If you run into problems in starting the elastic service, you may need to
increase the limit by running :code:`sysctl -w vm.max_map_count=262144` on the
host machine.
Details on docker-compose for development
^^^^^^^^^^^^^^^^^^^^^^^^^^^^^^^^^^^^^^^^^
You can use docker-compose to run all necessary databases with one single
docker-compose configuration. The :code:`docker-compose.yml` defines all the
different containers. We use docker-compose overrides to extend a base
configuration for different scenarios. The different overrides are:
- \*.prod.yml, production (to run the necessary databases for kubenetes deployments)
- \*.override.yml, development (development configuration, will be automatically used by docker-compose)
- \*.develk.yml, like development but also runs ELK
Running the tests
-----------------
You need to have the infrastructure partially running, as elaborated in :ref:`Build and run the development infrastructure with docker`.
The rest should be mocked or provided by the tests. Make sure that you do no
run any worker, as they will fight for tasks in the queue.
.. code-block:: sh
cd nomad-FAIR/ops/docker-compose/infrastructure
docker-compose -f docker-compose.yml -f docker-compose.prod.yml up -d rabbitmq elastic
cd ../..
pytest -svx tests
We use pylint, pycodestyle, and mypy to ensure code quality. To run those:
.. code-block:: sh
nomad dev qa --skip-test
To run all tests and code qa:
.. code-block:: sh
nomad dev qa
This mimiques the tests and checks that the GitLab CI/CD will perform.
Docker services for Nomad
-------------------------
As mentioned in the [introduction](setup.html#introduction), nomad comprises of
several interacting services.

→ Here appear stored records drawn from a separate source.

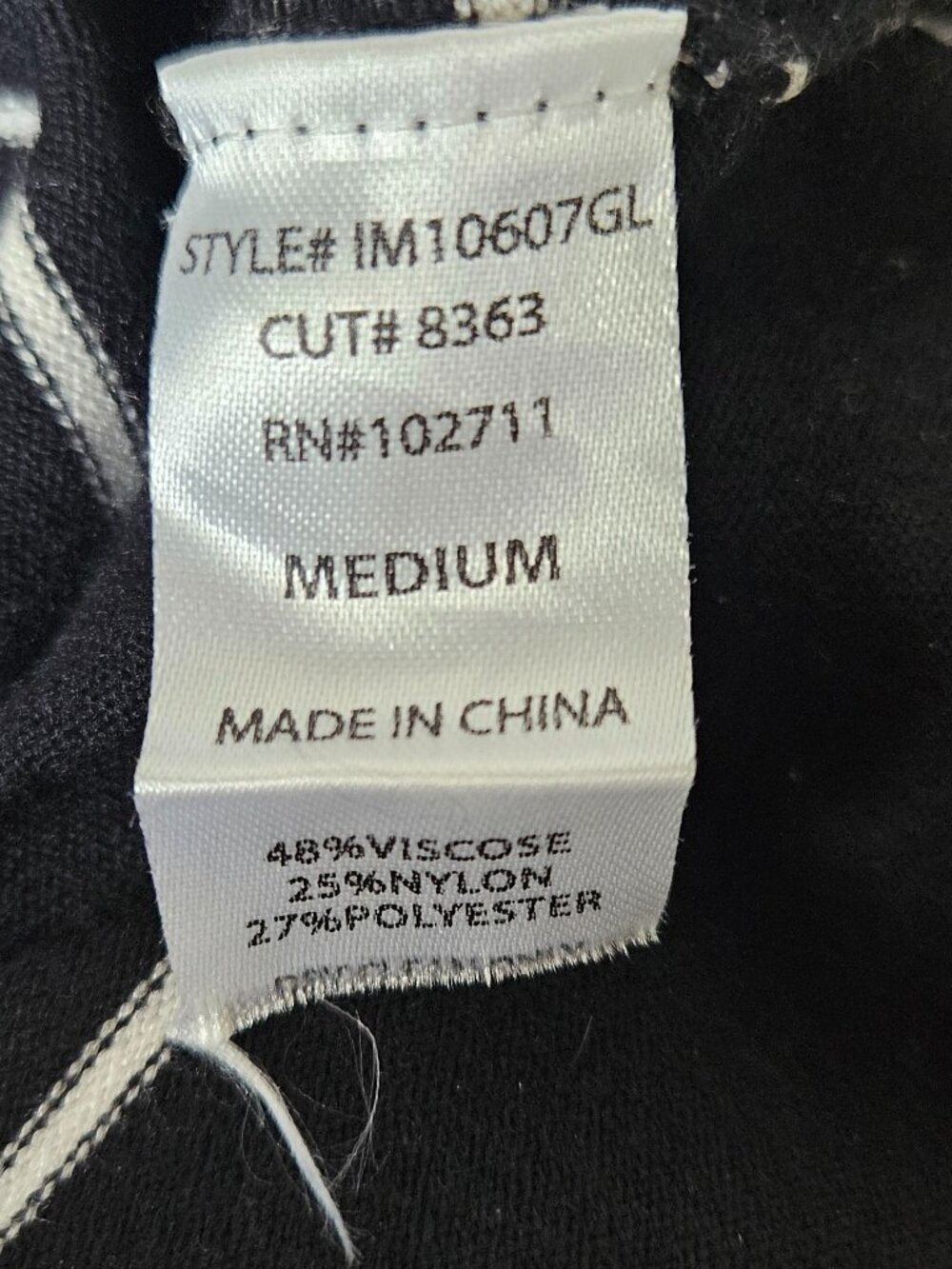 Gibsonlook Pearl Embellished Long Sleeve Striped Sweater - Picture 7 of 9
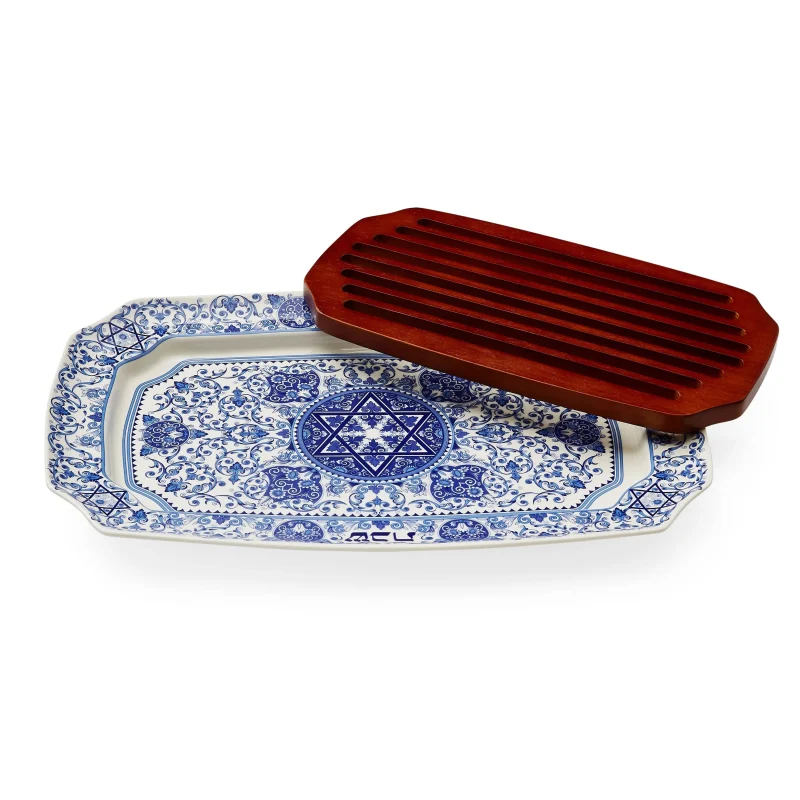 spode wooden challah board with insert scaled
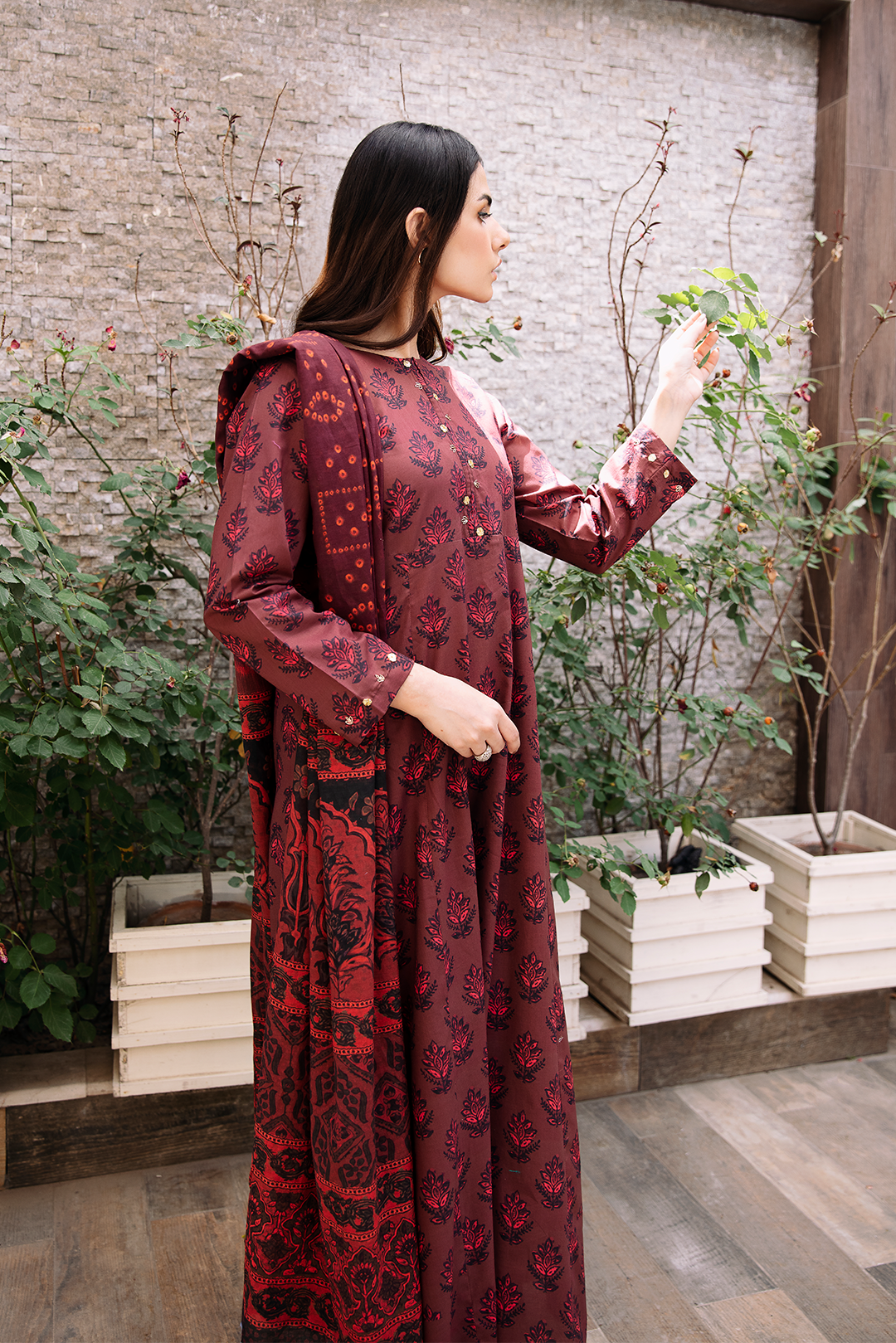 3 Piece - Digital Printed Lawn Suit P1104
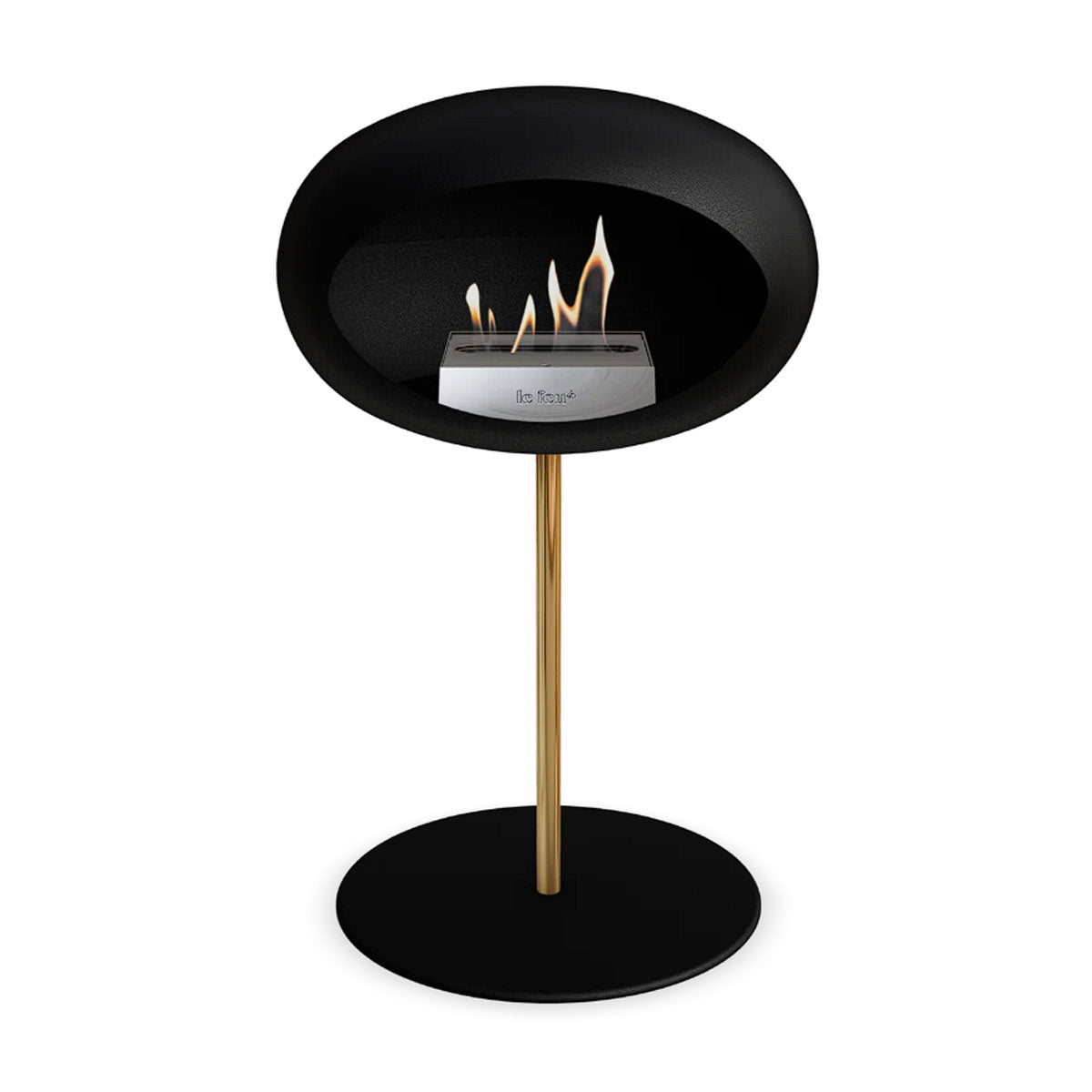 Le Feu Ground Steel Low - Black - 25mm Pole Width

The services are used in various ways through
docker-compose files. The purpose and name of each service stays the same
within different environments, but the details of the used image and
docker-compose configuration may vary across environments. For development,
only certain services are run, others are run directly by the host machine. For
production, everything runs within an a docker container. The following
subsections provide details on each service.
app
^^^
This service runs the nomad app, the API and the GUI. One can also run the
workers within this service, which can become useful in simple development
environments.
Before building the image, make sure to execute
.. code-block:: sh
./gitinfo.sh
This allows the app to present some information about the current git revision without
having to copy the git itself to the docker build context.
worker
^^^^^^
This service runs the celery worker that accepts jobs that are deployed by the
app service through the CLI or API.
mongo
^^^^^
Runs mongodb that is used for persisting worker states and other various
details about the repository and archive contents. On development environments
the mongodb ports are exposed to the host machine and you can access mongodb
via your preferred tools. Just make sure to use the right ports.
elastic
^^^^^^^
Runs ElasticSearch that provdes the search functionality. On development
environments the ElasticSearch ports are exposed to the host machine and you
can access mongodb via your preferred tools. Just make sure to use the right
ports.
rabbitmq
^^^^^^^^
Used as a message broker for celery tasks that are run by the worker service.
keycloak
^^^^^^^^
Runs keycloak for centralized user management.
Run nomad services
------------------
API and worker
^^^^^^^^^^^^^^
To simply run a worker with the installed nomad cli, do (from the root)
.. code-block:: sh
nomad admin run worker
To run it directly with celery, do (from the root)
.. code-block:: sh
celery -A nomad.processing worker -l info
You can also run worker and app together:
.. code-block:: sh
nomad admin run appworker
Setup your (I)DE
----------------
The documentation section on development guidelines details how the code is organized,
tested, formatted, and documented. To help you meet these guidelines, we recomment to
use a proper IDE for development and ditch any VIM/Emacs (mal-)practices.